I was just wondering on you guys that have hunted turkeys in Utah, how did you end up getting yours? Did you find it and do a stock or did you call it in? It seem like most people found the bird and stocked up on it. Just wanted to know.


----------



## Mojo1 (Sep 8, 2007)

I call them in, Stalking is not very effective due to thier great eyesight and can be a dangerous endeavor to undertake with all those excited hunters out there with you, you run the risk of getting shot by accident.


----------



## Al Hansen (Sep 7, 2007)

Smiths Food King


----------



## TEX-O-BOB (Sep 12, 2007)

I was trespassing on private property at night, and shot mine out of a roost tree with a 30-06.

I know, it was illegal, but I didn't have a tag either so what the hell... :mrgreen:


----------



## TEX-O-BOB (Sep 12, 2007)

blackchucker said:


> I was just wondering on you guys that have hunted turkeys in Utah, how did you end up getting yours? Did you find it and do a stock or did you call it in? It seem like most people found the bird and stocked up on it. Just wanted to know.


Actually you left out the two most popular methods.
1. Road hunting
2. Bumm rush em and shoot.

And my favorite method, bumm rush and shoot, after running them down on your wheeler. :twisted:


----------



## Treehugnhuntr (Sep 7, 2007)

Isn't "bum rushing" a turkey illegal under Utah state animal cruelty laws?
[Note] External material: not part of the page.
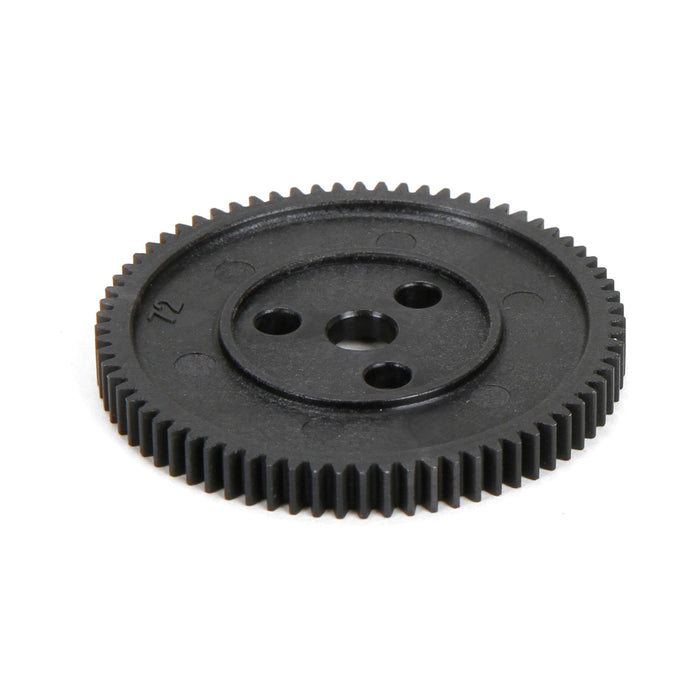 TLR TLR332048 Direct Drive Spur Gear, 72T, 48P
TEX you know your a felon now, right?


----------



## TEX-O-BOB (Sep 12, 2007)

Treehugnhuntr said:


> Isn't "bum rushing" a turkey illegal under Utah state animal cruelty laws? TEX you know your a felon now, right?


NO, that new retarded law only applies to dogs and cats. Turkeys are neither. :wink:


----------



## Mojo1 (Sep 8, 2007)

Tex, I figured that you would had trained your dogs to go catch them and bring them back to you. :lol: :wink:


----------



## TEX-O-BOB (Sep 12, 2007)

Mojo1 said:


> Tex, I figured that you would had trained your dogs to go catch them and bring them back to you. :lol: :wink:


Funny you should say that... Tex and I were about a mile up a big brushy draw in Montana one year hunting pheasants. He was on a hot track and soon came up out of the bottom and slammed on point right at the edge. I slipped around in front of him to flush what I thought was going to be a big rooster. I'd have given a million bucks to have seen the looks on BOTH our faces when a big gobbler came up right between us. *WHOOFFP-WHOOFFP-WHOOFFP-WHOOFFP-WHOOFFP!!!* It scared the bejeezus out of me. The bird was crippled and could only fly about 50 yards. He went down and the chase was on. Tex ran that thing up one side and down the other and finally cought him. I think that was his biggest retrieve... Next to the 10 foot log out of the Provo river... 8)


----------



## blackchucker (Feb 6, 2008)

I guess I will add to the put a stock on the bird. Got him opening morning about 11:00 AM. They would talk to me but would not come in.


----------



## hamernhonkers (Sep 28, 2007)

In the last 8 or 9 years with about 20 tags between myself, family and a couple of friends we have only stalked one bird. All the rest were called in.


----------